Hope everyone on the 6 week challenge has had a good one - let's catch up in the comments. The draw for the 'What Kate Did Next' workbook giveaway is still open - winner to be announced on Tuesday x
TODAY'S PROMPT: If you are anything like me you spend far too much time in your head. At the moment I have three separate sets of characters yabbering away up there and it's a tad crowded. I'm finally ready to write a first draft this week and this entails going to ground for a while, giving it 100%. Whenever you are deeply engaged with a new piece of work, I've found (to my cost), it pays to take care of yourself. Why not have a think about things that work for you - more sleep, less coffee, fresh air? The single thing that helps ground you is noticing what is around you and seeing it clearly - it literally helps keep things in perspective. This week why don't you try and tune in to your observations a little more attentively - notice things, try keeping a running list each day of the things you've seen that amaze you.
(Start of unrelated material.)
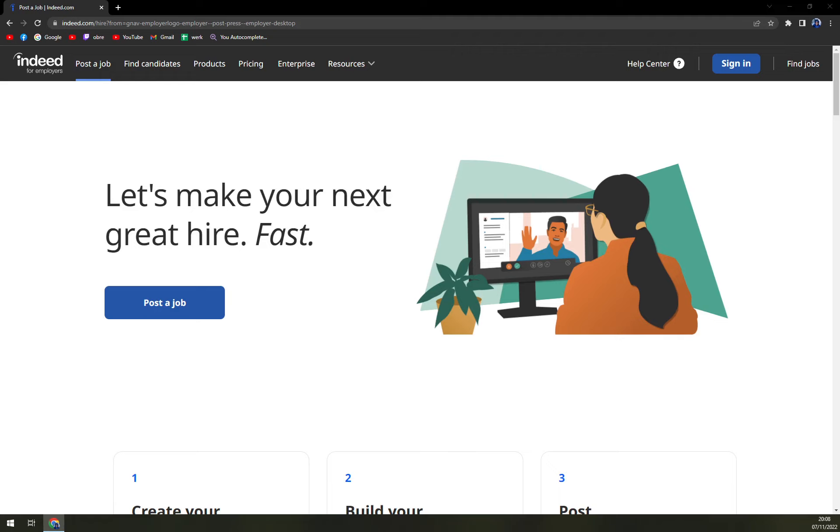Indeed is a job search engine that specializes in employment opportunities. It compiles job postings from a variety of sources including job boards, staffing firms, trade groups, and company career pages. The company lets employers post and promote positions, search resumes, and identify applicants for jobs.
For example - this weekend I've seen: a golden dragonfly emerging from her exuvia; luscious fat spears of asparagus wrapped in brown paper at the farmer's market; ferrets racing; a llama batting her eyelashes as I fed her; seven toddlers in party frocks bouncing on a trampoline, giggling in the sun; heaven scented scarlet rose petals tumbling to the table. This week, to keep things in perspective why not just try noticing what's around you?